Now the plume is massive and at times the whitecap looks to be up around 30 thousand feet high which looks to me like it just wiped out some small drainage up there somewhere. The website “Owens Lake Dustcam” shows the smoke in the southern end of the camera’s view but the fire is burning so far south now it is nearly out of range.
Who lights or let’s burn a fire in a dry, dry May? The winds of spring are still very active this year which nobody could predict, but still June is never a picnic when it comes to forest fires, and there are plenty of other fires in California right now drawing the resources. I suppose the fuel reducers are accomplishing their goals because the last time I was up over Nine Mile/Sherman pass there was quite a lot burned by the Manter Fire, which came close to the burn area of the fire started by those irate speed demon burning hotdogs behind Road’s End. By the time the Honeybee/Clover Fire is over it will take out a sizable chunk of the remaining fuel. Should be safe for decades.
A few decades ago the infamous Flat fire burned up there a little to the West. It burned from the Forks of the Kern up the “Flatiron”,which was its namesake, jumped across the South Fork of the Kern and up the canyon devouring one side drainage each afternoon for two weeks despite major efforts to head it off. That whole area is all rough and remote and the fuels are pretty resinous. Anyway, do you want to know why they don’t declare it out of control? It is because they don’t have to pay “hazard pay” differential to all the firefighters if a fire is “in control”. As we used to say “It’s the same all over!”.
REMEMBER PESHTIGO!!
For those readers who have forgotten (or perhaps never heard of) the Peshtigo Fire of 1871, I recommend this website:
http://www.peshtigofire.info/
by Dave
“The Honeybee Fire will go down in history as a catastrophic mistake. Remember, you read it here first.”

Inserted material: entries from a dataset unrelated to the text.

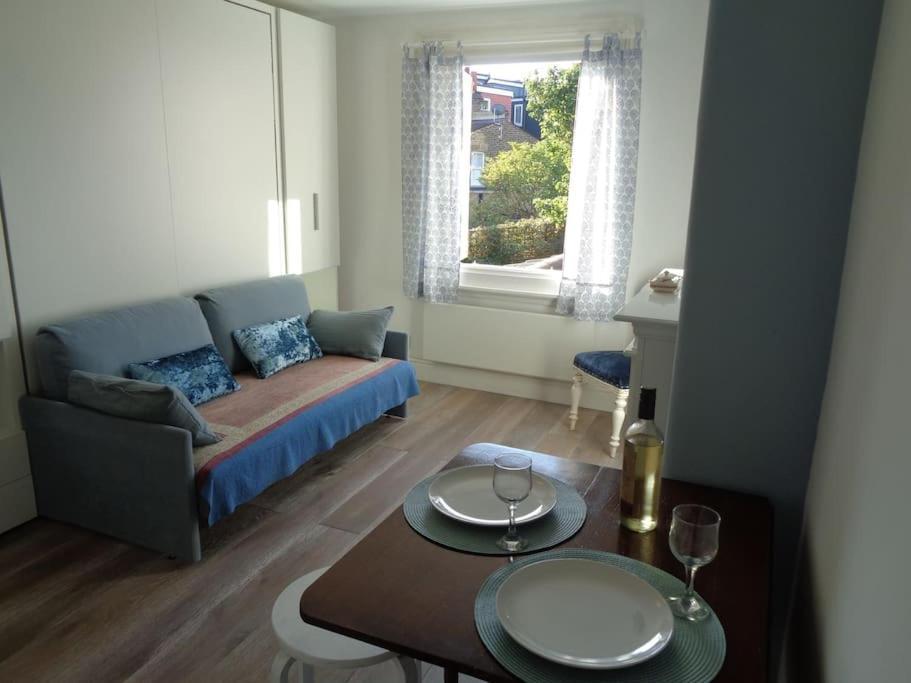 Charming Style Flat Apartment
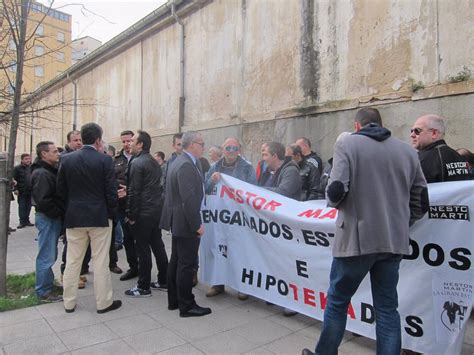 La Plantilla De Ecomasa Se Concentra Frente Al Parlamento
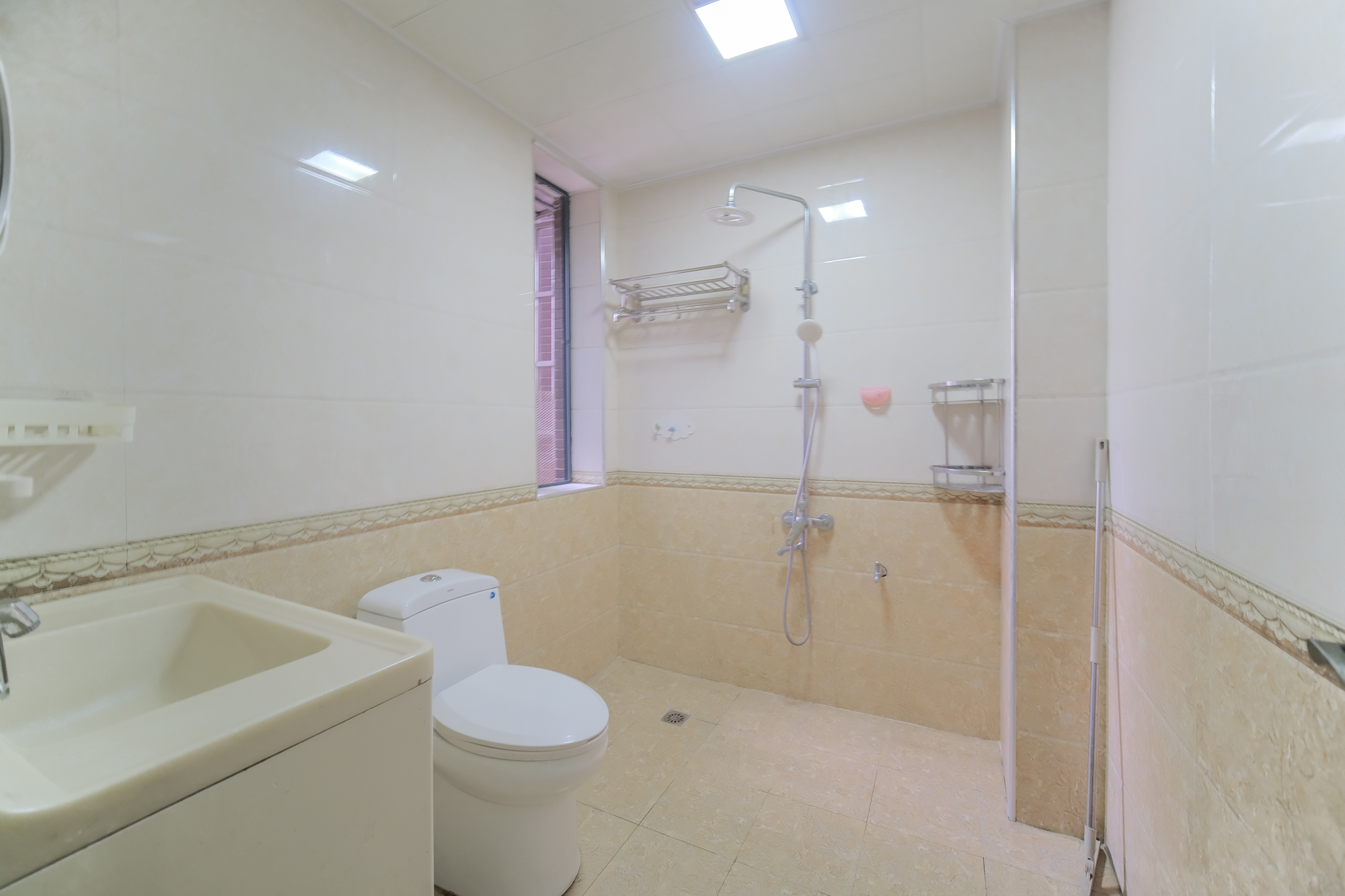 圆梦完美生活 4室2厅2卫 82.0万 圆梦完美生活 4室2厅2卫 82.0万卫生间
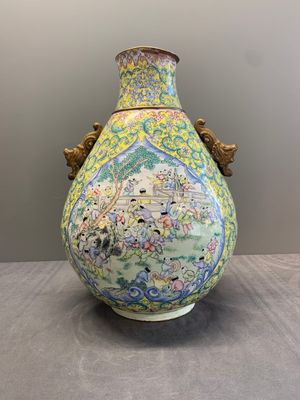 A Chinese Canton enamel '100 boys' 'hu' vase, 20th C. — photo 1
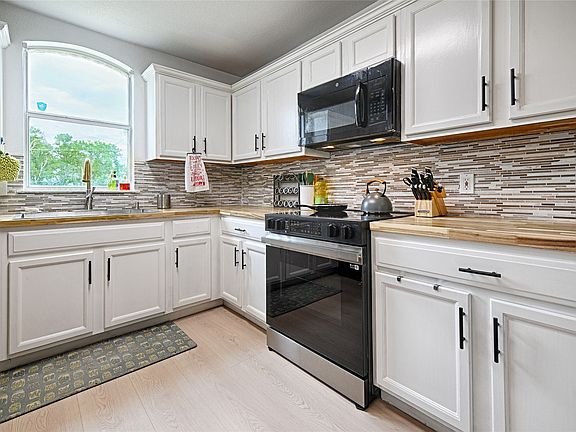 5th image of 4544 N Shore Dr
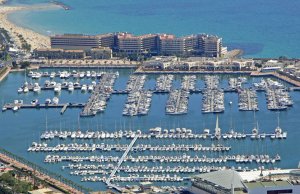 15 x 6.5 Metros Amarre Puerto Deportivo de Alicante En Venta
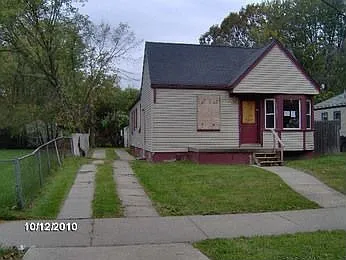 19359 Ferguson St photo 1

Really… It’s been over a year now and unless I am gravely mistaken this “catastrophic mistake” has passed out of all knowledge. I suggest you have a lot to learn about the role fire plays in forest ecology.
Dave, you are right. The Honeybee WFU Fire (1,235 acres, $244,000) was overshadowed by the Clover WFU Fire (15,300 acres, $8,315,000) and the Piute Mountain Fire (37,026 acres, $23,647,000), all on the Sequoia NF.

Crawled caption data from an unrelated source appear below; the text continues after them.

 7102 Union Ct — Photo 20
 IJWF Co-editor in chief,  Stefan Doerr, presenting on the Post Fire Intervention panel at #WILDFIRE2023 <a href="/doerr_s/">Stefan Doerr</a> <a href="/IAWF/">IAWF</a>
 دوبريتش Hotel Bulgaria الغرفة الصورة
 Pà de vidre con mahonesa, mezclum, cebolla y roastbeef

The latter fire destroyed Camp Nick Williams (BSA), the 700-acre Bodfish Piute cypress (Cupressus arizonica var. nevadensis) grove, patches of the endangered Piute Mountain jewel-flower (Streptanthus cordatus var. piutensis) and other rare plants of the Piute Mountain sky island nunatak [here].

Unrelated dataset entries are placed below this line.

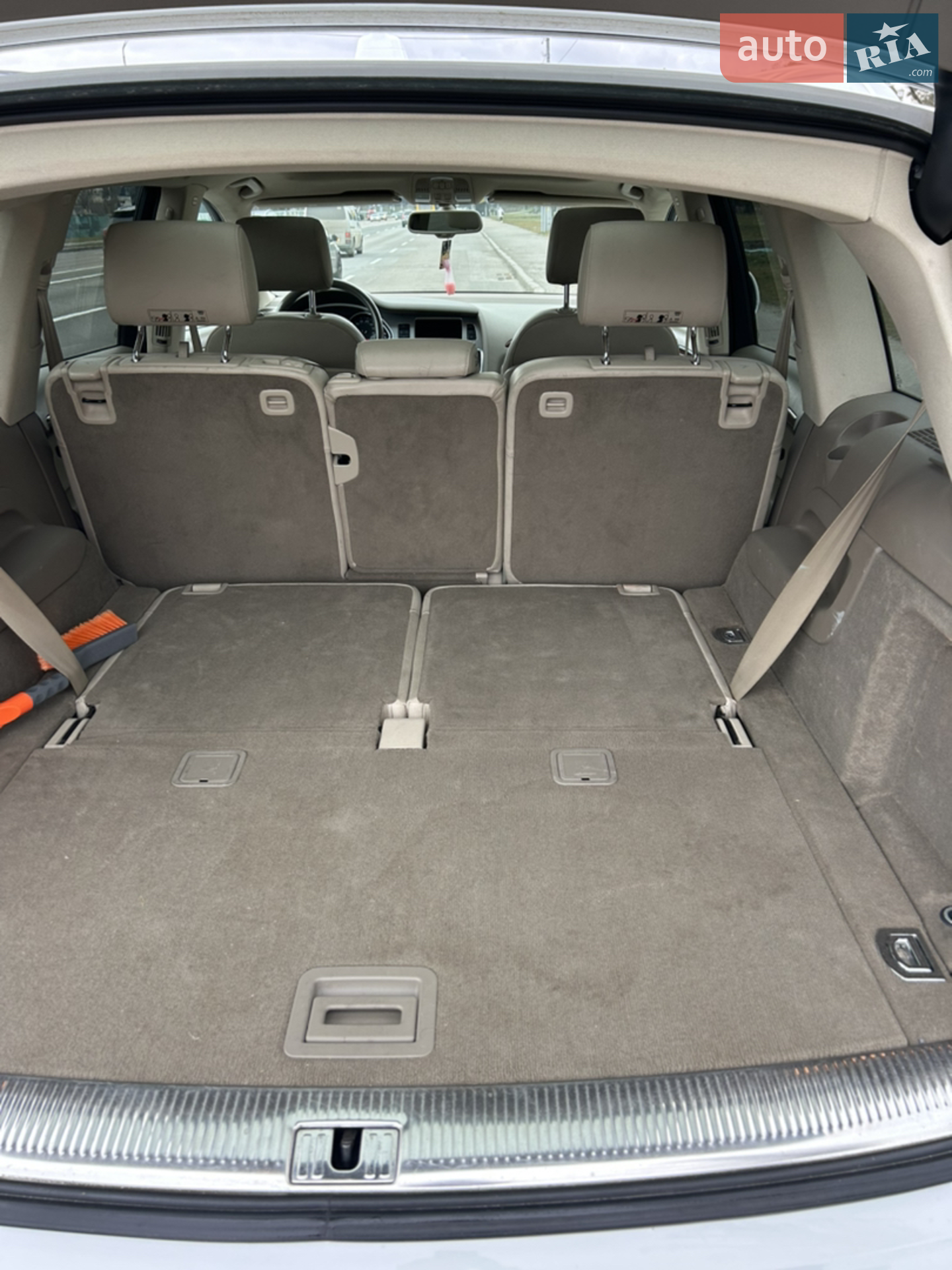 2010 Audi Q7 - мініатюра 10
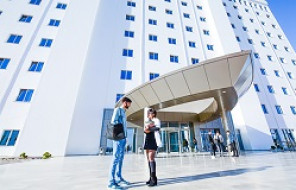 yakin dogu universitesi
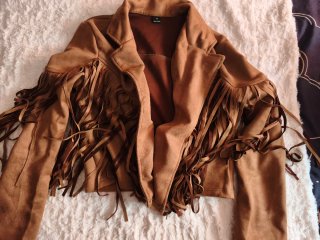 Chaqueta estilo cowboy con flecos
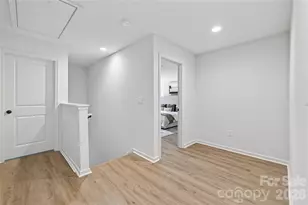 5226 Hickory Ln, Charlotte, NC 28216 - Photo 13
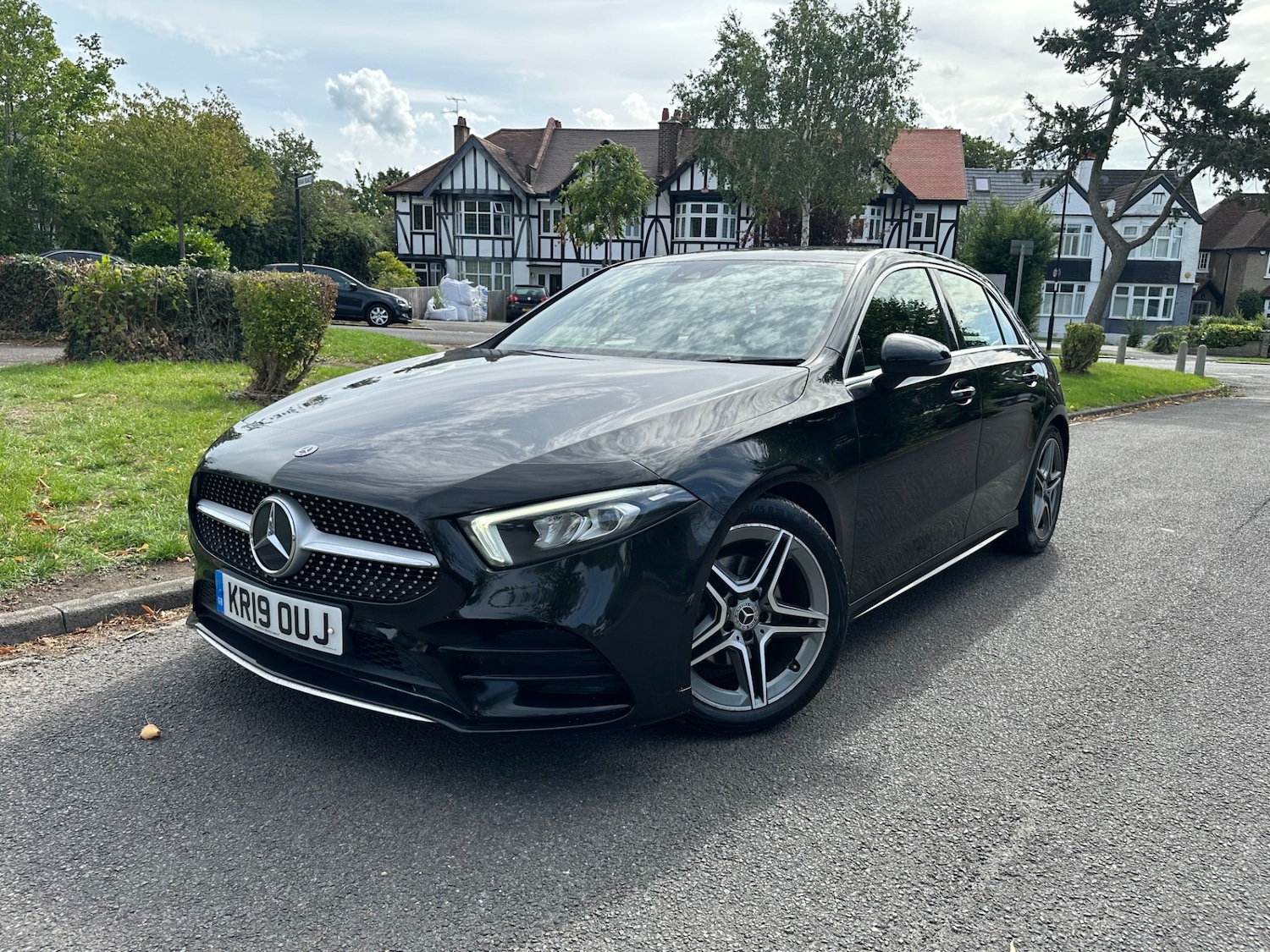 Used Mercedes-Benz A-Class 2019 for sale - 75763193: Photo 2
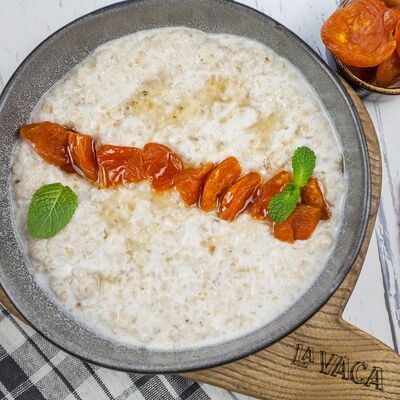 Каша овсяная с курагой на кокосовом молоке в Eat fresh по цене 310 ₽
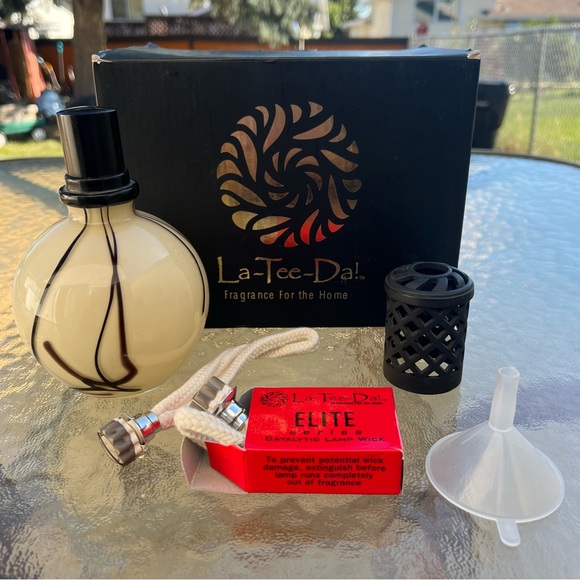 New La-Tee-Da Effusion Lamp Beige & Black Glass Lattice Crown - Picture 2 of 9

The Clover WFU Fire was in the vicinity of the Honeybee Fire and like that WFU was allowed to burn unchecked, until it blew up and burned all the way to Highway 395. Recreation was shut down, including the Pacific Crest Trail, and homes were threatened many miles away from the ignition point [here].
I am no expert in “fire ecology,” which is phony science if there ever was one. My expertise is in forest ecology and forest science, both of which study living organisms (not the joys of combustion) as is appropriate for any scientific discipline that sports the word “ecology.” To learn more about the role that human beings have played for the last 10,000+ vis a vis fire in landscapes and the ecological effects of anthropogenic ignitions, please see the W.I.S.E. Colloquium: History of Western Landscapes [here].
Ironically, the Sequoia NF announced the beginning of fire season May 14th. They warned everyone using the forest and adjacent landowners to be very careful. Then their adjacent sister Inyo NF sent a whoofoo raging down upon them.